Oxidatively aged Sherry
Oloroso, Pedro Ximénez (PX) and Moscato are aged oxidatively. Amontillado and Palo Cortado are both aged oxidatively after biological ageing.
When the wine is fortified to 17%, the flor dies off. The contact with oxygen causes the wine to become deeper in color and to develop complex aromas and flavors (walnuts, toffee, coffee).
Sherry is matured in the famous solera system.
It is a system where wines of various maturation levels are mixed together to maintain consistency and particular qualities in the wine. This involves blending wines from different vintages to create a particular style or flavor.
Butts (large oak barrels) are grouped together into levels that are known as “criaderas”. Each criadera contains wine of different average ages.
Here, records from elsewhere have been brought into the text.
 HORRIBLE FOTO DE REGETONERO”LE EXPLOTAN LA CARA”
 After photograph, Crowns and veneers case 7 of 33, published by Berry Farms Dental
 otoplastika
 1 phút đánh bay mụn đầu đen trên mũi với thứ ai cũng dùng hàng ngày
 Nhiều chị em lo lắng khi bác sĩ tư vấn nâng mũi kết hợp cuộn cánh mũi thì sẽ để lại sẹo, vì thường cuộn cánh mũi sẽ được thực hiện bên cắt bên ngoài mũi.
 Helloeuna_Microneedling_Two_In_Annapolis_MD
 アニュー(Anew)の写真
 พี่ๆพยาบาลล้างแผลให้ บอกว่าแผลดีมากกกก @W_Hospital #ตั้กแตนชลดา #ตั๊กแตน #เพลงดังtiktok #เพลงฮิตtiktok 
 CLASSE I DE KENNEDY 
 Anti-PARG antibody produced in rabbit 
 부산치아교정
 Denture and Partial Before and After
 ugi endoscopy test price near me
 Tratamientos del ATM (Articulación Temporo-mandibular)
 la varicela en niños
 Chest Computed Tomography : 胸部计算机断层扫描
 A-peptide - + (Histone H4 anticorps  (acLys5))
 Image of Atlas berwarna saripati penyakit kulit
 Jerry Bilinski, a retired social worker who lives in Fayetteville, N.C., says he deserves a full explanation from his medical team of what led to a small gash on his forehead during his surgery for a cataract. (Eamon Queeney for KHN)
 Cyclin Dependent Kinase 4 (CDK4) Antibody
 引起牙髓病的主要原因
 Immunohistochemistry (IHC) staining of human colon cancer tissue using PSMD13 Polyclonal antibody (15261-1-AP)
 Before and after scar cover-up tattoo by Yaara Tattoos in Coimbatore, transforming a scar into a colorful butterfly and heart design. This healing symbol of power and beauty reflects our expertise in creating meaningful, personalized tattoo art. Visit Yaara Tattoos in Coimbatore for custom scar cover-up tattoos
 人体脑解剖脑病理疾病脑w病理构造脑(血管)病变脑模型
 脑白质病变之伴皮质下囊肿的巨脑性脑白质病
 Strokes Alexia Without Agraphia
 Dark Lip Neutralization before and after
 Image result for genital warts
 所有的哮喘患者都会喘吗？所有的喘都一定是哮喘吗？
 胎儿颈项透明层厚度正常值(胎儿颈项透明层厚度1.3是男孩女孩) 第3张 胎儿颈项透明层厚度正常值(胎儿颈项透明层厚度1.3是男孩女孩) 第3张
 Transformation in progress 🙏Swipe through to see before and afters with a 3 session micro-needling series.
The number of levels in the system can vary, but the wines with the oldest average is the bottom level and the top level is wine that has come from the sobretabla (wines set aside for a period of time after classification).
When the wine in the criadera on the bottom level is ready for bottling, an equal amount of wine is taken from each butt. It is then blended together and bottled.
The bottom criadera is only ever partially emptied and the wine is replenished by drawing the same amount of wine from the criadera on the next level up.
The wine from each butt from this level is also blended together before replenishing the bottom criadera. The replenishment continues through each level until you get to the top level, which is replenished from the sobretabla.